On Black Babies Who Grow Up to Become Black People

I know a white woman with a black daughter.

I babysat the daughter when she was just a baby. There was a terrible incident with a sweet potato and a microwave and smoke. The baby cried when I put her on the porch so that she would be out of harm’s way while I dealt with smoke detectors and disposed of the blackened mass in the microwave. (Talk about a moment of sheer panic!) The baby cried. I soothed her tears, read her stories, and distracted her. She smiled. By the end of that warm summer evening, with all the windows open to air out the rancid smell of burnt potato, that beautiful baby was laughing. Oh my god, her laugh. I’ll never forget it. It’s loud and clear, the epitome of pure joy.

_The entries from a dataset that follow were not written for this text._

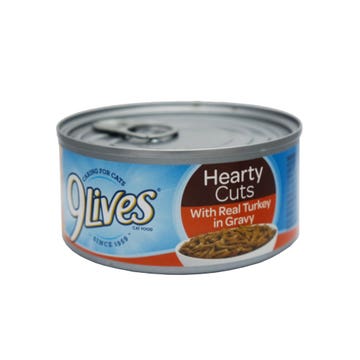 9 Lives Hearty Cuts with Real Turkey In Gravy 155g 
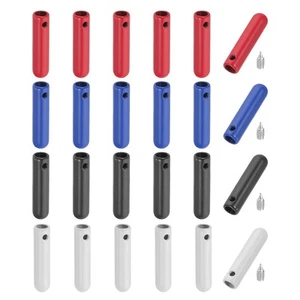 24 x Shoelace Tips with Screw Alloy 25mm Aglets End Tip Cap 4 Color - Picture 1 of 6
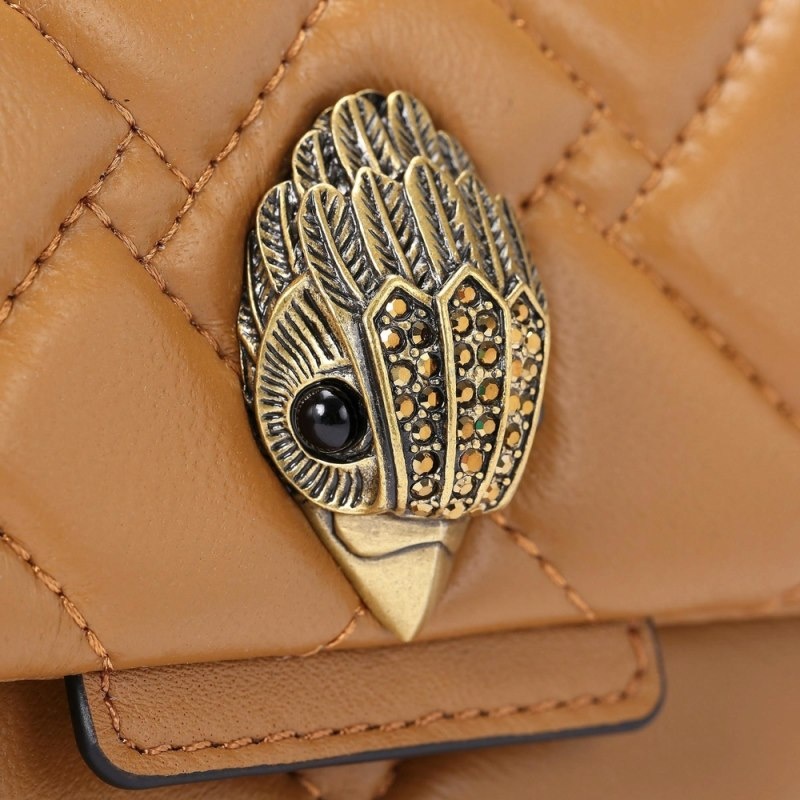 Kurt Geiger London Mini Leather Kensington Women's Crossbody Bags Brown | Malaysia OZ77-356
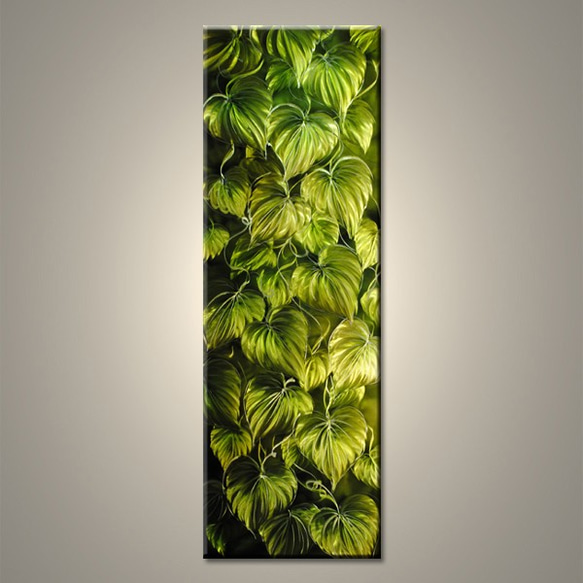【現代アート工房】メタルアート 現代絵画 インテリア  壁掛け 立体感のあるモダンアート  植物B 2FMA-393 1枚目の画像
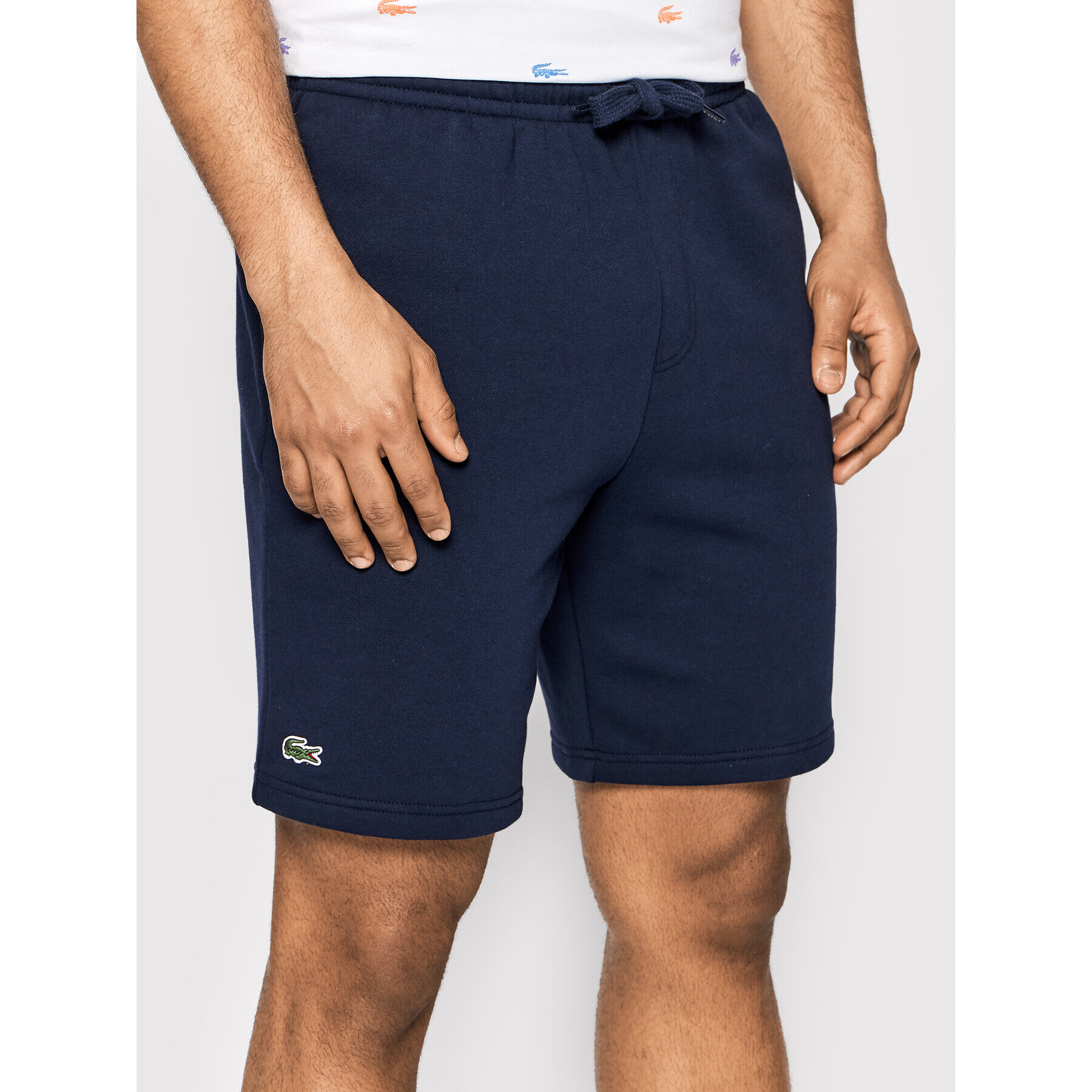 Lacoste Спортни шорти GH2136 Тъмносин Regular Fit - Pepit.bg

It bounces off the walls and fills your soul with the kind of happiness that you couldn’t ever buy. She lights up when she laughs. She’s clever and quick; she loves to dance around, loves to read, loves to play. I’ll never forget the sight of her in her footed pajamas jumping around, playing hide and seek with me. She giggled when I popped up, then I hid again, and reappeared. Her face cracked. The laugh spilled out into the coming night. My heart overflowed.

The woman adopted the baby and brought her home and loved (loves) her, just like my parents did with me.

But that baby is black.

It’s the first thing that many people comment on. I know, because I’ve read her mother’s posts. I’ve heard the annoyance, felt the pain. The comments don’t just come from white people, either. That mother is attempting to do the best she can for that beautiful child. To her, diversity is important. They have all sorts of friends who come in all sorts of colors. They do colorful things, eat colorful foods, live a colorful life. And no, I’m not just talking about racial diversity. I’m talking about life. They lead a beautiful, charming life.

So who cares?

Well, this mother cares. Knowing that her daughter is exposed to everything is important to her. She wants to educate her and show her the world. All of it.

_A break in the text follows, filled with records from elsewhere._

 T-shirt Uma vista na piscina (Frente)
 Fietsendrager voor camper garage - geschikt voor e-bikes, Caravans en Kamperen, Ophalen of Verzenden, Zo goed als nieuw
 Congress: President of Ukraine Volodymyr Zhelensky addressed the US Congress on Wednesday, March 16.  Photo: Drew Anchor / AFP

And apparently, a lot of people care enough to comment. Even if they don’t think they’re doing it. They say critical things. They ask rude questions.

The baby will grow up. The baby will become a young woman. She will go to college. She will become an adult. She may even have children of her own someday. She’ll have the support that she needs; she’ll have all the love in the world behind her. She’ll face challenges, of course, as all babies who grow up do, but she’ll also have to learn a lot about race and our country. She’ll some day face adversity. She might even face hatred.

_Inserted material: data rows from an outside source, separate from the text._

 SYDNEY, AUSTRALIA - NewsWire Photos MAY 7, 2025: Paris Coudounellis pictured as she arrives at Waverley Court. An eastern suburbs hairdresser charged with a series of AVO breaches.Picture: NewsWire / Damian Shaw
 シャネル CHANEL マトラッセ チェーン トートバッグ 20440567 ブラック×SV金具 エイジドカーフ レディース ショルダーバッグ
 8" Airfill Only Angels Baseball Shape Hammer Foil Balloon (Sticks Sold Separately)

That sounds terrible, doesn’t it?

And while we all sit there and talk about how we have such diverse friend groups, and how it’s such a shame that racism exists, we’re not doing enough. We can do better. That doesn’t just go for white people either. Everybody needs to be better. Everybody CAN be better. It just takes a step or three in the right direction and pretty soon you’re on a better path.

No one should ever have to face the prospect of explaining racial inequality to their child.

We’re not afraid of black babies. (You all know that I’m such a huge fan of babies anyway, but oh my god, they’re ALL so cute!) No one is afraid of toddlers, or children. Those babies grow into gangly adolescents, with long arms and silly haircuts. Those babies listen to music that you’d most likely consider noise. They struggle to find their place in the world. They dream and laugh and love. They learn, they grow, they get jobs. They go to concerts. They go out to eat. They watch tv. They are exactly like all the rest of the young adults in the world.

But once those children start to grow up, start to become adults, people start to get a little nervous. They edge away on the bus; they hold their bags a little tighter; they look at their feet instead of making eye contact.

Do you do that, even unconsciously? If you do, you might want to reexamine your approach. Because when someone does that, they’re doing the worst thing that can ever happen to a child, an adolescent, or a young adult. When they do that, they’re invalidating everything that that child/adolescent/young adult/adult knows. They’re sending them the message that they’re afraid. Of them. They’re sending the message that they assume the worst. From them. They’re sending a message. That message says, “You’re not equal. You’re not okay. You’ll never be good enough.”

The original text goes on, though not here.